O resto fica por conta
de personagens caricatas, às vezes em duplicata como estas duas maníacas: a
charadista D. Leonarda e a quituteira D. Januária. Um dos bordões do narrador chega
a ser chatíssimo – a repetição exaustiva do nome completo de um procurador
semianalfabeto.
Na primeira metade, o enredo
dá conta do casamento de Anastácio e Eufrásia, do envolvimento do marido na
política imperial e, principalmente, da busca de um padrinho excêntrico para Bernardino.
A escolha recai sobre um louco varrido, pretextado antídoto contra presságios vindos
num sonho ao pai da criança.

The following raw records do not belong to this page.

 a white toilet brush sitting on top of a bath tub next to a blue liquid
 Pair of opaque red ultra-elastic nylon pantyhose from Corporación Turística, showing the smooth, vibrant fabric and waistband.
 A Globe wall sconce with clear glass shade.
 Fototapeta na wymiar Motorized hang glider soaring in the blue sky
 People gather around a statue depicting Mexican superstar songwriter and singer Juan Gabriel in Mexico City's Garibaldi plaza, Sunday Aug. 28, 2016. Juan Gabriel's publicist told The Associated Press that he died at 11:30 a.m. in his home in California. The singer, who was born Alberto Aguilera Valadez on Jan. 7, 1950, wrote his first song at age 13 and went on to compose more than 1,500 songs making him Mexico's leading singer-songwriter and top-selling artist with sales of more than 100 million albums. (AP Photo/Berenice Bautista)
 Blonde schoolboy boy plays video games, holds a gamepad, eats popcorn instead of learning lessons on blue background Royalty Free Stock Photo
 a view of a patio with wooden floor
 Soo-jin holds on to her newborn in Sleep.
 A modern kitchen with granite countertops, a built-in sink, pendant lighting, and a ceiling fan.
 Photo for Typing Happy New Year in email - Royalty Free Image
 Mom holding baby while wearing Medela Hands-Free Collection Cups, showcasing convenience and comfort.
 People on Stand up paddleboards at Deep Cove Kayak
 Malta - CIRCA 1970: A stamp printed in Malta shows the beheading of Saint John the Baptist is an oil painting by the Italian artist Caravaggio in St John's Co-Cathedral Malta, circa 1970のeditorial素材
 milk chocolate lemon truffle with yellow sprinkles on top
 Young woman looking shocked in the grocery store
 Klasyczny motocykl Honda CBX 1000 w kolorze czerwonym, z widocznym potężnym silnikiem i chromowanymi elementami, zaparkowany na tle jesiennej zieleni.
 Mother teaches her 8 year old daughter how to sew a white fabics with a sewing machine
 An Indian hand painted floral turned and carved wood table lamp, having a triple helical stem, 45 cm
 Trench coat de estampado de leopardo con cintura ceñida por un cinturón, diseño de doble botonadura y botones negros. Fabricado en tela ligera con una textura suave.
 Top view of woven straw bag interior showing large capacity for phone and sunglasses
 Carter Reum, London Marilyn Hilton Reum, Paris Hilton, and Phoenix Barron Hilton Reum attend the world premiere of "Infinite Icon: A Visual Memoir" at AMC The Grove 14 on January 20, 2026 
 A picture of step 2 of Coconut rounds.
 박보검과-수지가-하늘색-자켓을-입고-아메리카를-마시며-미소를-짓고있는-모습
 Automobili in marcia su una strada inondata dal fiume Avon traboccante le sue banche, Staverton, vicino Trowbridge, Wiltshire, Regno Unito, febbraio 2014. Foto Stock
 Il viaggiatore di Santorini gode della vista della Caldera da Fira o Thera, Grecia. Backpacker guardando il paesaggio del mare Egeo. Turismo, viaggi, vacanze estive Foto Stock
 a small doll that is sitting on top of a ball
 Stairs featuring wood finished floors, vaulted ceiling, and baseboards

A segunda metade é ocupada principalmente pela
morte de Eufrásia e pelas estroinices de Bernardino, que resultam em ruína
financeira e na entrada para o crime por conta da paixão por Caxuxa, ex-mulher
de um político reaparecida na história como prostituta de luxo.
Bem feitas as contas, A família Agulha é um desperdício de
talento. Poderia ser uma obra-prima de sátira social caso sua produção não tivesse
sido tão comprometida pelo ritmo da publicação em folhetins, no Diário do Rio de Janeiro, ao longo de
apenas dois meses. Processar seus abundantes recursos teatrais na forma romance exigiria uma trabalheira à qual
não quis ou não pôde dedicar-se o autor.